Can the ineffective assistance of a criminal defendant's counsel during state habeas proceedings excuse his failure to properly claim ineffective assistance earlier in the proceedings?

Media for Trevino v. Thaler

Audio Transcription for Oral Argument - February 25, 2013 in Trevino v. Thaler

Audio Transcription for Opinion Announcement - May 28, 2013 in Trevino v. Thaler

John G. Roberts, Jr.:

Justice Breyer has our opinion this morning in case 11-10189, Trevino versus Thaler which Justice Kennedy will announce.

Anthony M. Kennedy:

In this opinion for the Court as the Chief Justice indicates by -- written by Justice Breyer, the bench announcement is as follows.

Last year, in Martinez versus Ryan, the Court was faced with an Arizona prisoner who asserted that his trial lawyer provided constitutionally ineffective assistance, but before he came to the federal court seeking habeas release – relief on that claim, the prisoner had procedurally defaulted that claim in the state court.

Under Arizona state law, he was forbidden to raise the claim on direct repeal.

The state instead required him to raise a claim in a state habeas proceeding.

But the petitioner had failed to do so.

This was because he said of his lawyers default.

So, under the rule that this Court had earlier said out in Coleman versus Thompson, the federal courts could not consider the merits or the petitioner's ineffective trial-counsel claim because that default took place during his first state habeas proceeding, rather than on state direct review.

But remember, that in the Martinez case in Arizona procedural rule prevented him from raising the inadequate trial-counsel claim on direct review.

It required the prisoner to raise the claim of trial ineffectiveness in his state habeas proceedings.

So on Martinez we reasoned that a narrow exception to the Coleman rule is necessary.

Otherwise, the prisoner might be deprived of any review at all of his ineffective assistance of trial-counsel claim.

And so, we decided that in Arizona a procedural default would not bar a federal habeas court from hearing the prisoner's substantial claim of ineffective assistance at trial if in the State's initial collateral review proceeding, there was no counsel or counsel in that initial collateral review proceeding was ineffective.

In the case decided today, we are faced with the prisoner from Texas.

Like the prisoner in Martinez, he asserts that his trial lawyer provided ineffective assistance.

And like the prisoner in Martinez, he has procedurally defaulted that claim.

And like the prisoner in Martinez, this prisoner asserts that his procedural default is due to the ineffectiveness of his initial state habeas lawyer.
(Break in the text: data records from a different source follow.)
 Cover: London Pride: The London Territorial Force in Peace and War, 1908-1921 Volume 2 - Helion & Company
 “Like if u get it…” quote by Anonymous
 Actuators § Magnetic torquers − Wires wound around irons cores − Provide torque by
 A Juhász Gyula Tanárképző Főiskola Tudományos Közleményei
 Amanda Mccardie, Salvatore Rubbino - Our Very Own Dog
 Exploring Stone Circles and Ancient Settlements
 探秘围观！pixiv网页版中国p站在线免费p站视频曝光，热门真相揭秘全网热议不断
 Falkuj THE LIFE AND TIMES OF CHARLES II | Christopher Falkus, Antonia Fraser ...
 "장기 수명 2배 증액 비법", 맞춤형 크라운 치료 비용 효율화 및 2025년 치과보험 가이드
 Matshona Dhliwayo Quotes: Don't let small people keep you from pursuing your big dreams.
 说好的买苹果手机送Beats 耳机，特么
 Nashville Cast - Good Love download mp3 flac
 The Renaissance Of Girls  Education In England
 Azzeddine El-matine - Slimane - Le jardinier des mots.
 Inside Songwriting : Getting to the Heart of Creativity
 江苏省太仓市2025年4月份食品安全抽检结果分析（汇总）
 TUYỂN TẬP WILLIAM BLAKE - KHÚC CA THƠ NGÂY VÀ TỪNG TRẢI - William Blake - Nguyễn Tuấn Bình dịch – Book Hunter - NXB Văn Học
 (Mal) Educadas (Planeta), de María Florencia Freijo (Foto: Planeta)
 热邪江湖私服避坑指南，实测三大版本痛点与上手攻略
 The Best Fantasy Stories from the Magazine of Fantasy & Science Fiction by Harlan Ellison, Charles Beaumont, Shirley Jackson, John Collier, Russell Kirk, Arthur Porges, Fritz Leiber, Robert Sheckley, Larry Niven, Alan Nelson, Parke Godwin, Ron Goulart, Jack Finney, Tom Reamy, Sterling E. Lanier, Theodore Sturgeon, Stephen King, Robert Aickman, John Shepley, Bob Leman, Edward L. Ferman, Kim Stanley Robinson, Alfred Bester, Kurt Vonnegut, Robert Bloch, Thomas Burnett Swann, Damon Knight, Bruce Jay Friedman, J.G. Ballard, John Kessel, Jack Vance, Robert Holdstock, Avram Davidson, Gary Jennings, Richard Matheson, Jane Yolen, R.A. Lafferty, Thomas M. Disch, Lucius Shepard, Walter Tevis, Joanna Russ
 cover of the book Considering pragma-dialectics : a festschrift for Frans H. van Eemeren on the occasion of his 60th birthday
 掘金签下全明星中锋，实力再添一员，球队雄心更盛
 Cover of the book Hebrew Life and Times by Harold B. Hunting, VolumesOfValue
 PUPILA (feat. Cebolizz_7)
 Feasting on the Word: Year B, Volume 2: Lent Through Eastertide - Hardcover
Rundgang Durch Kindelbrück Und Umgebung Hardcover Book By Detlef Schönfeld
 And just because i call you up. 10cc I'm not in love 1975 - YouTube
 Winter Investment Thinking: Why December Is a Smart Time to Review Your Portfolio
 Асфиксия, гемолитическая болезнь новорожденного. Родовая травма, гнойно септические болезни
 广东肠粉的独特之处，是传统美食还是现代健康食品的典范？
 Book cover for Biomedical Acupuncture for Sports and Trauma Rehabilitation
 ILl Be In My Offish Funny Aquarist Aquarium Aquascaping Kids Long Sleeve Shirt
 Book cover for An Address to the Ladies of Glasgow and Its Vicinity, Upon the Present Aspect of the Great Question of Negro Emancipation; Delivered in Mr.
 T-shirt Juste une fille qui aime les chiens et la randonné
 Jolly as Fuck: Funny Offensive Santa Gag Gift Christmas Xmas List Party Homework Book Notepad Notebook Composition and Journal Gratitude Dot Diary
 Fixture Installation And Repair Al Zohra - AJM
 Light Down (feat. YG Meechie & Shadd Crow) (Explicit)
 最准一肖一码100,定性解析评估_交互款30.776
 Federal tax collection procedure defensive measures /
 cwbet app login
But here at Texas, unlike Arizona, does not require prisoners to race ineffective assistance of trial-counsel claims on state collateral review, rather on its face, Texas law permits prisoners to bring such claims on direct review and we must decide whether this difference matters.

We conclude that it does not.

As explained in detail in today's opinion, the Court concludes that the Texas system does not offer most defendants a meaningful opportunity to present a claim of ineffective assistance of trial counsel on direct appeal.

As a practical matter, a typical defendant will not be able to race such a claim in Texas into state collateral review proceedings.

And so, we conclude that the law should treat the Arizona and Texas systems similarly.

The Martinez exception applied to the Arizona system should also apply in Texas.

We vacate the Fifth Circuit's judgment to the contrary and remand the case before the proceedings.

Those proceedings can determine, in the first instance, where the Trevino's trial counsel ineffectiveness claim is substantial and whether he was provided ineffective assistance in his initial state habeas proceeding.

The Chief Justice has filed a dissenting opinion in which he is joined by Justice Alito.

Justice Scalia has filed a dissenting opinion in which he is joined by Justice Thomas.